Life in the Lambing Shed: A LightHearted Dispatch From the Front Lines
Date Published

Lambing season is well underway at Oakford Farm.
Lambing season has a certain… energy about it. Some call it magical. Some call it
chaotic. Most farmers call it “powered by coffee (or tea) and blind optimism.” Here’s a little
window into what life actually looks like during those long spring weeks.
Lambs are expert climbers, clambering over everything in sight.
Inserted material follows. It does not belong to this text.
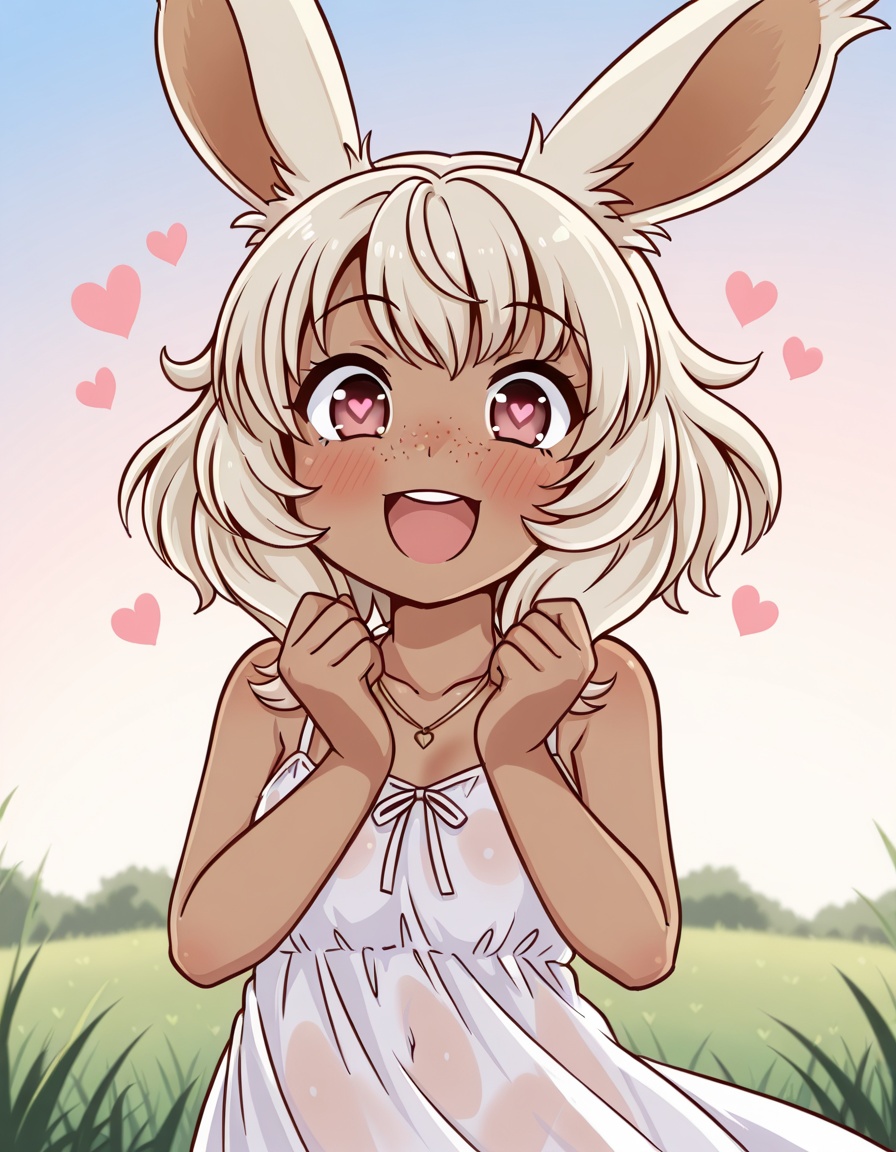 kstylecute viera,  summer dress,  see-through on Tensor.Art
Give them five minutes and they’ll be:
- On top of the straw bales
- On top of the hurdles
- On top of their mother
- Somehow on top of you if you crouch down long enough
You can see the lambs climbing over their mothers, and looking for attention while mum tries to get some well needed rest. Every ewe has her own personality, but lambing season brings out the divas.
You’ve got:
- The Shouty One, who announces labour to the entire parish
- The Escapee, who always thinks the grass is greener in the next pen
- The Helicopter Mum, who thinks every human within ten metres is a security threat
- The Surprisingly Chill One, who behaves like she’s in a spa and lets you get on with it
And then there’s the ewe who pretends she absolutely does not care about her lamb… until you try to pick it up. Then suddenly she is very invested. Opinions:
strong. Boundaries: inconsistent.
Sleep deprivation hits its peak around week two. By then, farmers are held upright
largely by muscle memory and stubbornness.

Side effects may include:
- Putting your foot in the water bucket
- Forgetting what day it is (or your own name)
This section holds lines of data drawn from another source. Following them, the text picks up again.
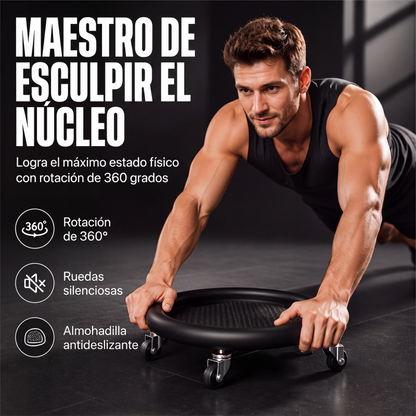 Rueda de disco para abdominales con alfombrilla para las rodillas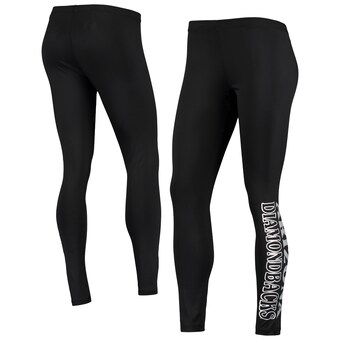 Women's Arizona Diamondbacks G-III 4Her by Carl Banks Black Stadium Lightweight Leggings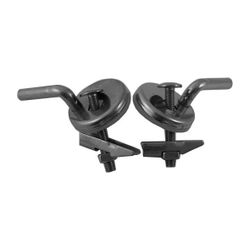 Duravit Scharnier-Set für WC-Sitz ohne Absenkautomatik, Edelstahl, 0061691000... DURAVIT-0061691000 4021534810992 (Abb. 1)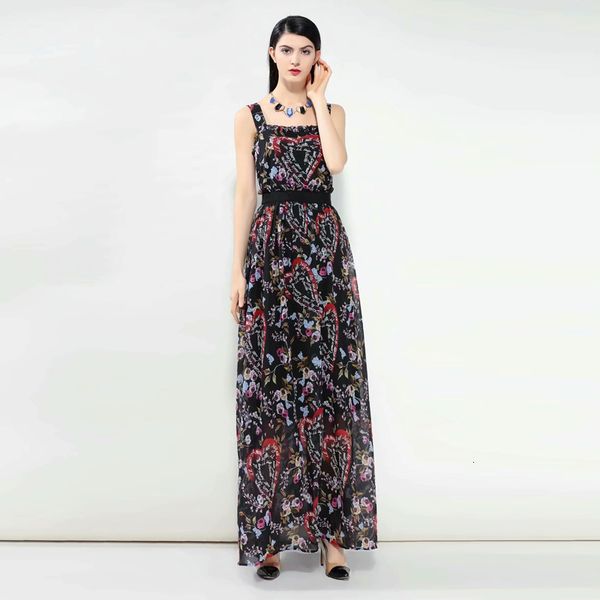 dress dressed long runway summer fashion for women vintage holiday party stylish chic sling print chiffon dresses, Black;gray
dress dressed long runway summer fashion for women vintage holiday party stylish chic sling print chiffon dresses, Black;gray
- Having entire conversations with a ewe before realising she has walked away
- Drinking cold tea and calling it “fine, actually”
- Laughing far too hard at things that aren’t funny
But ask any farmer why they do it, and they’ll point at a newborn lamb wobbling to its feet for the first time. Or a ewe quietly talking to her twins. Or the sun rising over the yard after a long night.
Those tiny moments make the tiredness worth it.